I’ll begin with a confession. One known only by a small handful of my closest friends but one that I will share with you today as it pertains to this subject.
When I was younger, still in my last few years of high school, I could not stand to be touched except under specific circumstances. Any touch apart from that just really freaked me out. Shaking hands was sort of ‘ok’.. but I usually found a way to avoid even that. A hug from a family member, that was on the acceptable list as I come from a very warm and affectionate family. But apart from these narrow parameters it somehow was of high priority that I make it through the day without being physically touched. Who knows.. perhaps that was the reason why the only sports I felt comfortable with were tennis, chess and a bit of track.. no touching involved.
As I grew older, a whole new world opened up for me when I got married. That was my sanctuary. An environment with one person with whom I could liberally enjoy the sensation of touch. “Loving, touching, squeezing.. each other.”, as Journey put it so succinctly. Well, when I found myself single again some ten years later.. I found myself in a bit of a quandry. My previous anxieties regarding physical contact came back to haunt me yet at the same time I had this accrued appetite if you will for intimate contact with one, exclusive person. It was a difficult transition for a few years. I would break into a cold sweat at the very necessity of going in for a haircut. I would often pay for the full service but refuse to allow some woman to touch me while washing my hair. My entire body would go rigid while my mind tried to escape somewhere else as I got my haircut.
I confronted this paranoia repeatedly and despite many cold sweats and panic attacks, I eventually got to where I accepted the fact that I wasn’t going to die if the haircutter came into contact with me while washing my hair. On my own I had made significant progress. In the meanwhile, I was always affectionate with my own sons, my immediate family and even more so with my close friends. After twenty years since being a seventeen year old who bolted away from a girl who tried to give me a back rub.. I had finally let go of my issues with the sense of touch to arrive at something I’d like to call ‘normal’. (Whatever ‘normal’ is.) I’ll hug friends, strangers.. I’m fine with it now.

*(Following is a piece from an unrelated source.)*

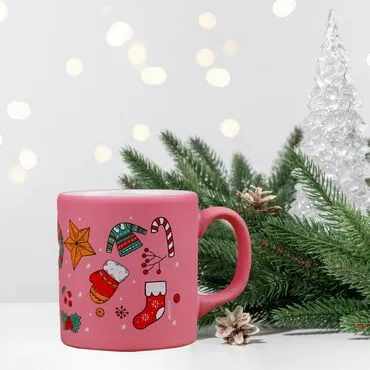 Wholesale Pink Snowman Themed New Year Ceramic Mug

What I have come to appreciate through this long experience is the intensity of communication that comes with touch. Think of it as a blind person that spent thirty years slowly coming to regain full vision. Those of you who have had eye laser surgery can relate to the amazing ‘newness’ of the world around you when you suddenly really ‘see’ everything through new eyes. Similarly, for me, I find so much communication in any occaison where touching is involved. Which brings me to my point in all this.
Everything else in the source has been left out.